Pode ser que a ideia vingue e que tenhamos em breve cursos espalhados pelo Brasil a fora, em que juízes, em seus vagares, disponham-se a ensinar os advogados, como a dizer-lhes o que não devem fazer perante os juízes, ou seja, perante eles próprios, os juízes-professores. Em vingando esses cursos, augura-se a melhoria da advocacia.

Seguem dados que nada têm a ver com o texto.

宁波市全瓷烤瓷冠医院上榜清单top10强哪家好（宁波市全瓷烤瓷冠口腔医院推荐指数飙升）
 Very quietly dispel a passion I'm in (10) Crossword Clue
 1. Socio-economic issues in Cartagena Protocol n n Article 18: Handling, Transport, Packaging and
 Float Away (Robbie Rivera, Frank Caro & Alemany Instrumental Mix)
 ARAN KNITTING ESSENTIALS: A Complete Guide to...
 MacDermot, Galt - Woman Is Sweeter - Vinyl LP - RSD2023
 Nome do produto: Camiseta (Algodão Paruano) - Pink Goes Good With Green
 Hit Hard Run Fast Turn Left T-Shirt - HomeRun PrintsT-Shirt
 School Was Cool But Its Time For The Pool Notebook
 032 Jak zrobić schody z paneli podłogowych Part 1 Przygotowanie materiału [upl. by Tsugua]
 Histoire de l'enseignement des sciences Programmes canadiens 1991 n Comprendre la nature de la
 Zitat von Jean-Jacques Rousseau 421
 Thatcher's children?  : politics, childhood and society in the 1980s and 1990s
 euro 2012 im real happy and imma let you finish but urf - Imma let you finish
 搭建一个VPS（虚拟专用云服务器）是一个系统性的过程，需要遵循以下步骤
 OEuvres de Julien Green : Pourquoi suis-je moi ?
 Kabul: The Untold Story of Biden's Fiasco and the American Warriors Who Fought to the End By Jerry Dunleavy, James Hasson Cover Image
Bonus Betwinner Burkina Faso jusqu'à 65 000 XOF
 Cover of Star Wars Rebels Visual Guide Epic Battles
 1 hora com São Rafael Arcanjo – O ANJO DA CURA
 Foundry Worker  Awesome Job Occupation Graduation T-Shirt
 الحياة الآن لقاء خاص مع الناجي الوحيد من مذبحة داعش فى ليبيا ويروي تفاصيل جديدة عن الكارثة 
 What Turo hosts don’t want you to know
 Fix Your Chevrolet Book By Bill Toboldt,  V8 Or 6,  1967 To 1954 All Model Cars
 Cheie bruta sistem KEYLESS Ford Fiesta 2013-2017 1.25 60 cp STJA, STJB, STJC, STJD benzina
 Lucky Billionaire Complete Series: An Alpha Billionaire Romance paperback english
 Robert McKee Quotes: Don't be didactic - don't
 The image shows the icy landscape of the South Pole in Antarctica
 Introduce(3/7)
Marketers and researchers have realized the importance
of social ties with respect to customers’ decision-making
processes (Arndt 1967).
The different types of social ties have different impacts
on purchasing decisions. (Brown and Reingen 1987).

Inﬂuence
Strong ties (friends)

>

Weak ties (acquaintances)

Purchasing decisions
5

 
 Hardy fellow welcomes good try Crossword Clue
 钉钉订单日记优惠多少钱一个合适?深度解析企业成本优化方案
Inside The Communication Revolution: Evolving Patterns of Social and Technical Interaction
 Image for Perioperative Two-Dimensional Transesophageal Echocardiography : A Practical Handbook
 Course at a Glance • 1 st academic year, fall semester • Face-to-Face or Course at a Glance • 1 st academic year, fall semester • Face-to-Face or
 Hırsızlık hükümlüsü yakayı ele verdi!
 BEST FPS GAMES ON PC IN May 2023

Mas as coisas sempre podem ser vistas por um outro lado. Quem sabe não se crie um curso misto, em que juízes e advogados sejam a um só tempo professores e alunos. Em contato próximo com os advogados, os juízes saberiam o que os advogados esperam de um bom julgamento. E os advogados, por sua vez, tomariam conhecimento daquilo que irrita os juízes, quando se deparam com um advogado que não conhece bem a causa pela qual advoga.
Mas e os litigantes? Talvez fosse proveitoso que juízes e advogados convidassem os litigantes, indagando-lhes o que esperam da justiça.